Extracted records Start Marker

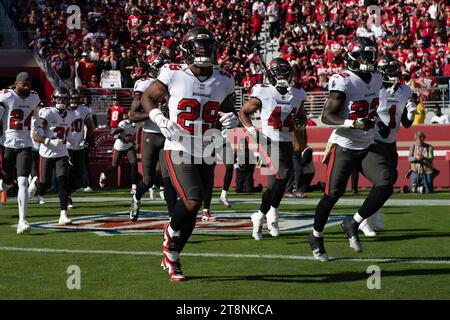 19 novembre 2023; Santa Clara, CA, Stati Uniti; la safety dei Tampa Bay Buccaneers Christian Izien (29) esce dal tunnel prima dell'inizio del primo quarto contro i San Francisco 49ers al Levi's Stadium. (Stan Szeto/immagine dello sport) Foto Stock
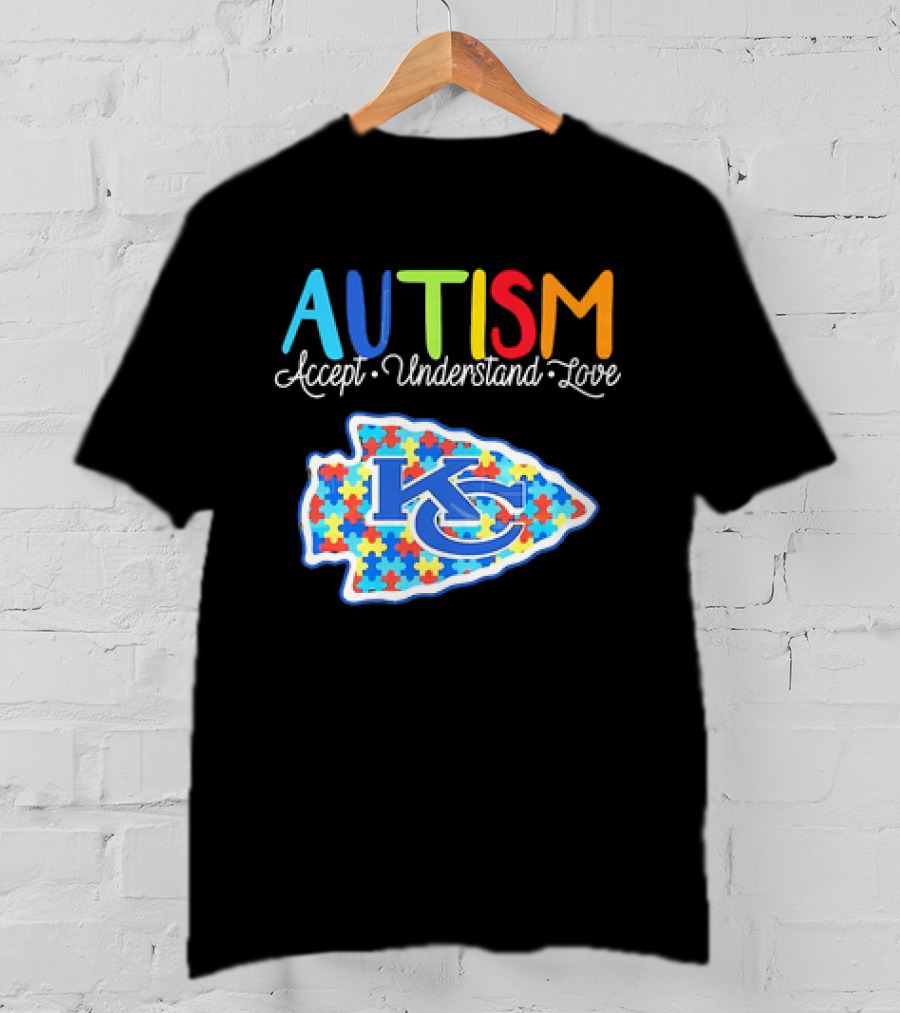 Kansas City Chiefs Autism Accept Understand Love Puzzle T-Shirt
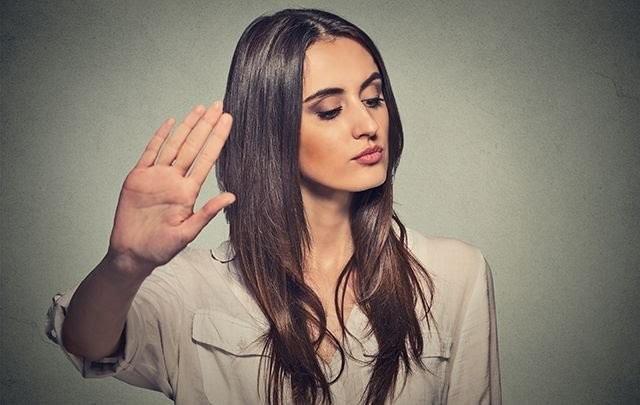 Do most guys see an attractive woman and automatically assume she's stuck up?
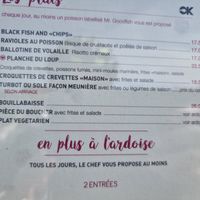 'Vegetarian plate' on menu at Le Loup de Mer in Audresselles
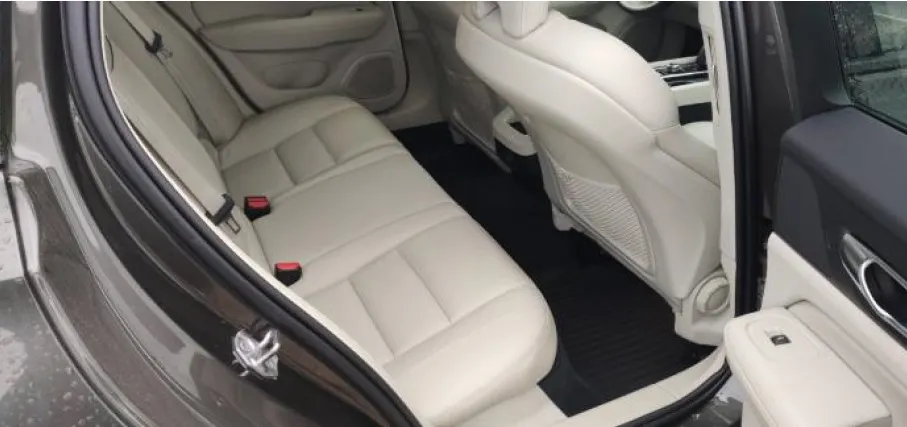 VOLVO V60 V60 CC Pro B4 D AWD aut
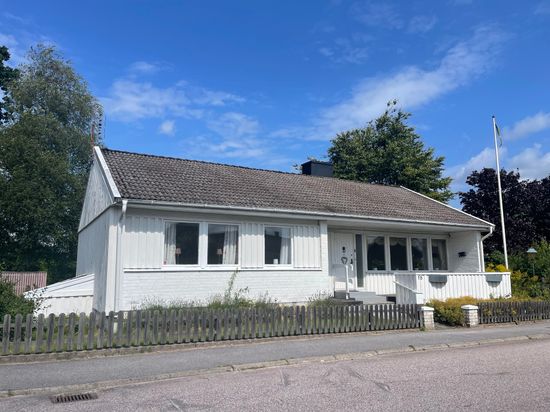 Villa, Karl-Johansgatan 15, Centralt, Gislaved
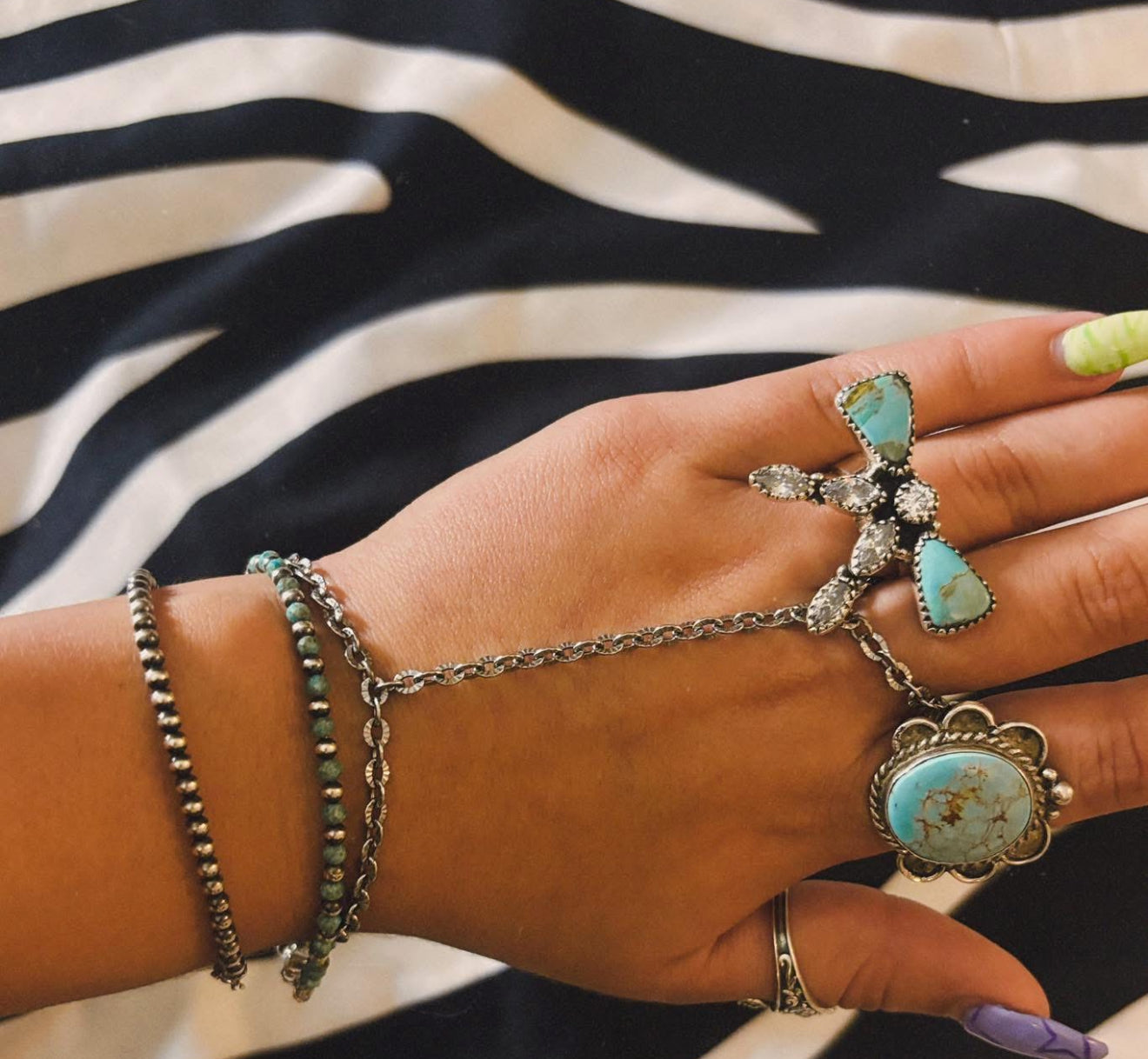 Bow & Crystal Stone Ring (adjustable)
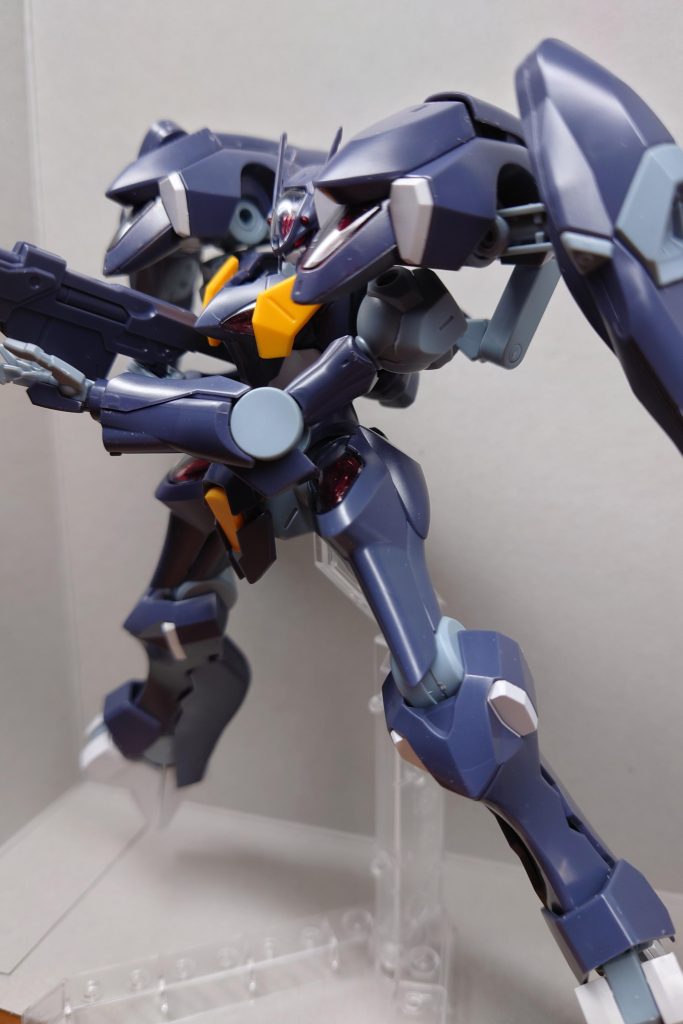 ガンダムファラクト–3枚目/制作者：やっさん山菜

Extracted records End Marker

What you have to do: Return the data exactly. Pictures stay out.

Solution for this task:
 19 novembre 2023; Santa Clara, CA, Stati Uniti; la safety dei Tampa Bay Buccaneers Christian Izien (29) esce dal tunnel prima dell'inizio del primo quarto contro i San Francisco 49ers al Levi's Stadium. (Stan Szeto/immagine dello sport) Foto Stock
 Kansas City Chiefs Autism Accept Understand Love Puzzle T-Shirt
 Do most guys see an attractive woman and automatically assume she's stuck up?
 'Vegetarian plate' on menu at Le Loup de Mer in Audresselles
 VOLVO V60 V60 CC Pro B4 D AWD aut
 Villa, Karl-Johansgatan 15, Centralt, Gislaved
 Bow & Crystal Stone Ring (adjustable)
 ガンダムファラクト–3枚目/制作者：やっさん山菜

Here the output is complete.